As far as adaptations go, Uncharted the movie is pretty loose; while the film imports at least a few of the games’ biggest moments into its standard action film formula, it only brings three named characters along for the ride in any meaningful way: Drake, Sully, and Sophia Ali as enigmatic fellow treasure hunter Chloe. The most notable absence from the series’ cast, then, is Nate’s primary love interest: Elena Fisher, a daring investigative journalist played in the Uncharted games by actor Emily Rose.We can understand it, sort of: Pairing Nate—especially a version of the character as young as Holland projects—off with his future wife might make things feel a little too settled, too fast. But Elena’s not just some random distressed damsel who can be easily written off: She’s an adventurer just as active and engaged as Nathan himself, and her occasionally strained partnership with him is one of the major emotional through-lines of the entire series. Robbing Uncharted of that cornerstone relationship can only leave any future proceedings feeling as hollow as a raided tomb.

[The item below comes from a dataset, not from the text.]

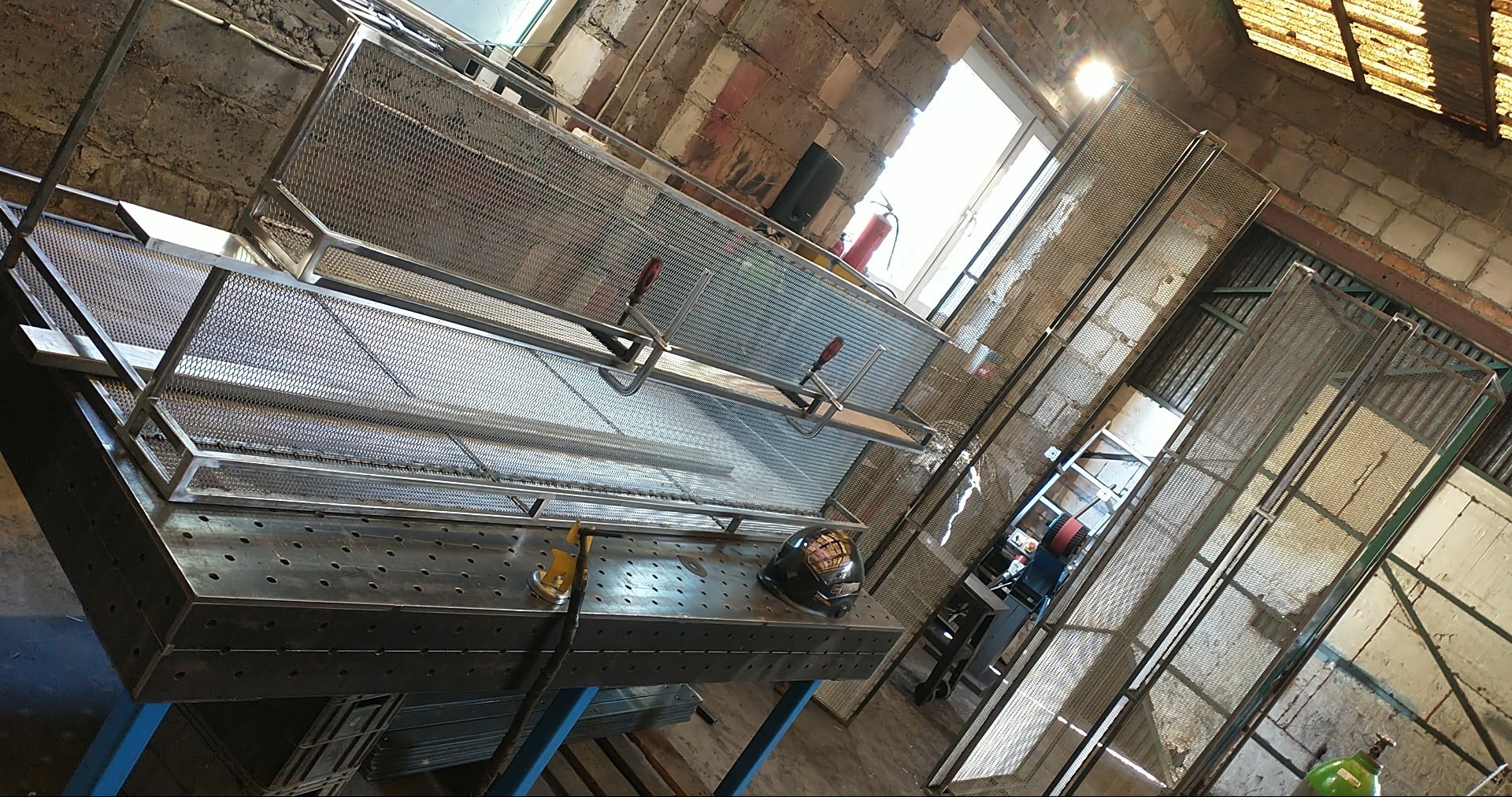 Warsztat ślusarski: metalowa konstrukcja z siatki na stole spawalniczym, kaski i narzędzia w tle, surowe mury z cegły i okno z jasnym światłem.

“The Thieves Of Libertalia,” Uncharted 4: A Thief’s End
Nobody plummets like Nathan Drake—something Uncharted the movie tries to emphasize with its adaptation of the famous bit from Uncharted 3. But true connoisseurs of Drake Vs. Gravity know that some of the best material comes in 2016’s —and especially in “The Thieves Of Libertalia,” one of the game’s biggest show-off moments.The setup is as arcane as all the rest of the series’ plots: Artifacts, rival gangs, complicated fraternal relationships. The important takeaways are much simpler: Collapsing towers, swinging ropes, screaming Drakes. One of the appeals of the series has always been the way it makes the clearly impossible look just barely survivable, and nothing embodies that better than watching explosions, gunfire, and malevolent architecture all take their shot at killing the same insistently yelling man. (Especially the malevolent architecture—that tower is a behemoth.)